# YOUR INSTRUCTIONS:
Entries below include pictures. Output exactly the lines from the one with "Monitor 16 polegadas" down to the one with "Room and Bedroom-1408431290", both ends included, and leave the pictures out.

# SUPPLIED ENTRIES:
■ ■ ■ ■ ■

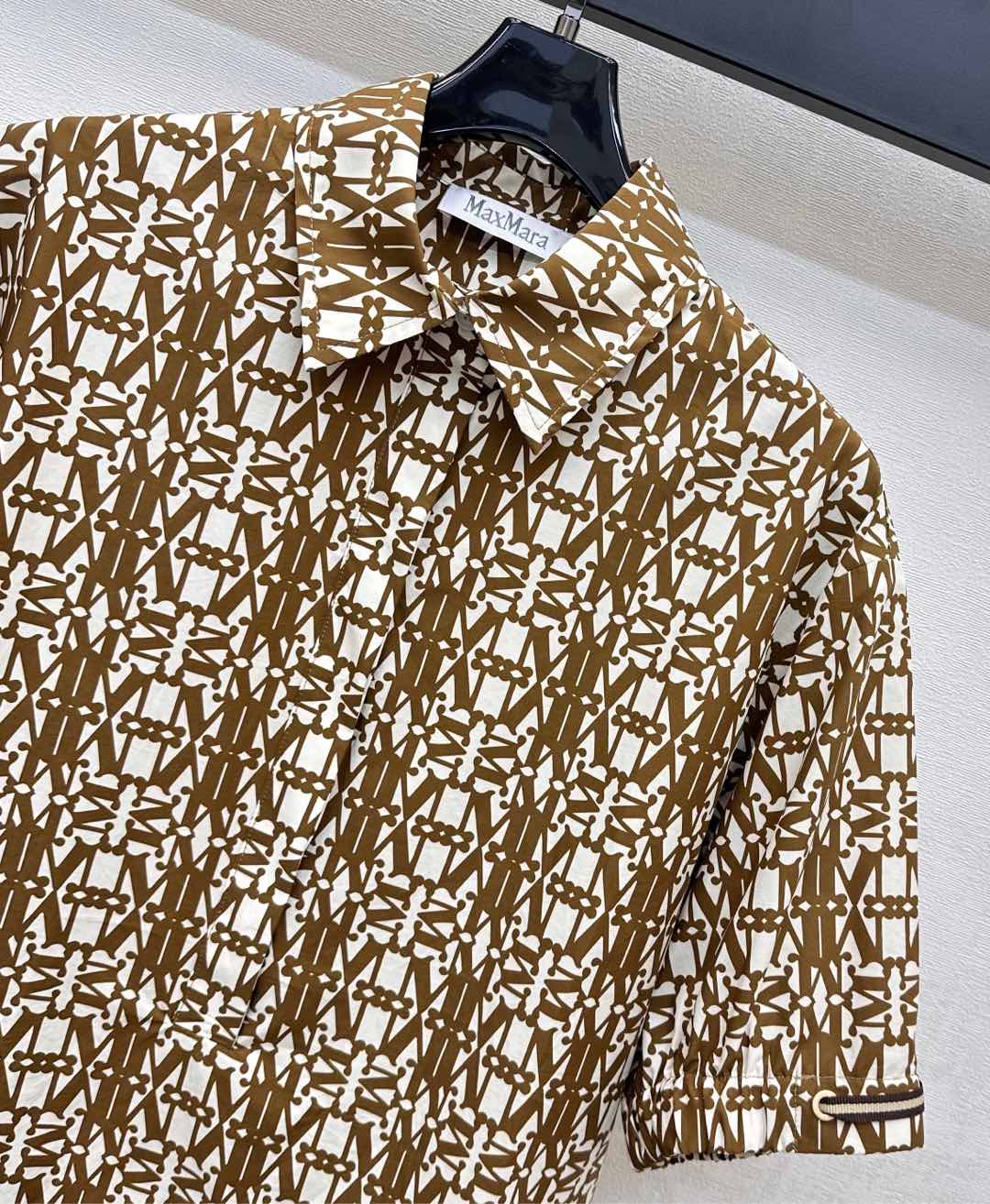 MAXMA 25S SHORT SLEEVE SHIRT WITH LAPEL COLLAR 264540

■ ■ ■ ■ ■

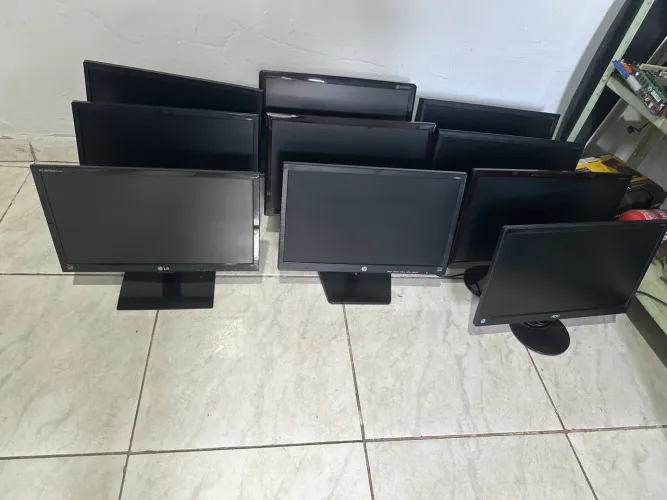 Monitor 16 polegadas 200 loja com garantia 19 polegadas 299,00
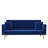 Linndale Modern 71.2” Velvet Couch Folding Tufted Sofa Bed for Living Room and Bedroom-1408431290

■ ■ ■ ■ ■

# REPLY TO THE TASK:
 Monitor 16 polegadas 200 loja com garantia 19 polegadas 299,00
 Linndale Modern 71.2” Velvet Couch Folding Tufted Sofa Bed for Living Room and Bedroom-1408431290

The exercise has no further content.